The Supreme Court on Friday temporarily freed jailed Boeng Kak anti-eviction activist Yorm Bopha on bail, but sent her case back to the Court of Appeal to be reinvestigated.
During the hearing, which lasted 90 minutes, dozens of monks and several hundred supporters of the jailed activist, who spent 444 days in jail, rallied outside the Supreme Court building where they banged drums, gave speeches and marched in procession on the streets around the courthouse.
The noise was clearly audible inside the court where a panel of five judges took only 15 minutes to deliberate.
“The Supreme Court decides to temporarily release Yorm Bopha on bail and sends this case to the Appeal Court to reinvestigate and hear the case again,” presiding Judge Khim Pon told the packed courtroom.
He said there is enough evidence to prove Ms. Bopha’s brothers, Yorm Kanlong and Yorm Sith, beat two motorcycle taxi drivers, but in reference to Ms. Bopha’s involvement in the attack, he said “the Court of Appeal decided some right and some wrong.”
Ms. Bopha’s brothers are at large, but she was arrested, along with her husband, Luos Sakhorn, on September 4, 2012, and convicted of ordering the assault on the two men. Her husband was released. She was originally handed a three-year prison sentence, but the Appeal Court suspended it one year after upholding the verdict in June.
Human rights groups and fellow anti-eviction activists have long said the charges against Ms. Bopha are politically motivated and without substance. On Friday, those groups were measured in their responses to the court’s decision.

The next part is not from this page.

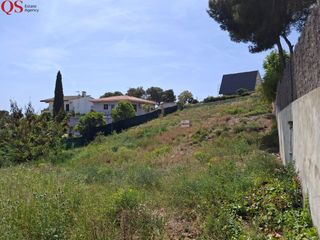 Terreno residenziale in Costa Cunit - Els Jardins - Els Rosers. Parcela con vistas al mar en cunit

During the hearing, Ms. Bopha protested her innocence, claiming that she had not conspired to have the two men beaten, nor did she know what had happened.
The mother of one was visibly unhappy with the outcome of the hearing at the court, during which she had maintained her composure, occasionally turning around to smile at her supporters in the courtroom.
“I am disappointed with the Supreme Court’s decision,” she said after the verdict was read out.
“Even though I am free, my case is still before the court,” she said, adding that she is afraid of being rearrested and tried again like Born Samnang and Sok Sam Oeun, the two men wrongfully imprisoned for the murder of Free Trade Union leader Chea Vichea and only acquitted after they spent years in jail.
“I still demand that the court drop the whole charge, because I did not commit the crime,” she said.
After leaving the court, Ms. Bopha was bundled into a waiting police van and taken back to PJ Prison. She was finally released at 5:40 p.m. and about 100 Boeng Kak residents gathered outside the prison to celebrate her freedom.
Outside the court, the crowd erupted in a mixture of jubilation and anger on hearing the decision.
Boeng Kak activist Tep Vanny also had mixed feelings about the decision, saying that she was happy with the bail decision but frustrated that the case remains before the courts.
Rupert Abbott, researcher for Amnesty International in Cambodia, said Ms. Bopha, who Amnesty considers a prisoner of conscience, should never have been arrested in the first place.
“Amnesty International welcomes Yorm Bopha’s release today, but we’re disappointed that it’s only bail and that the case continues,” Mr. Abbott said.
“We are concerned that her case is quite symbolic of a trend in Cambodia, in which human rights defenders face harassment,” he said.
“The trend has to be reversed. Today is a day to celebrate, but we have to be measured in our happiness, because the result is not as much as we hoped for.”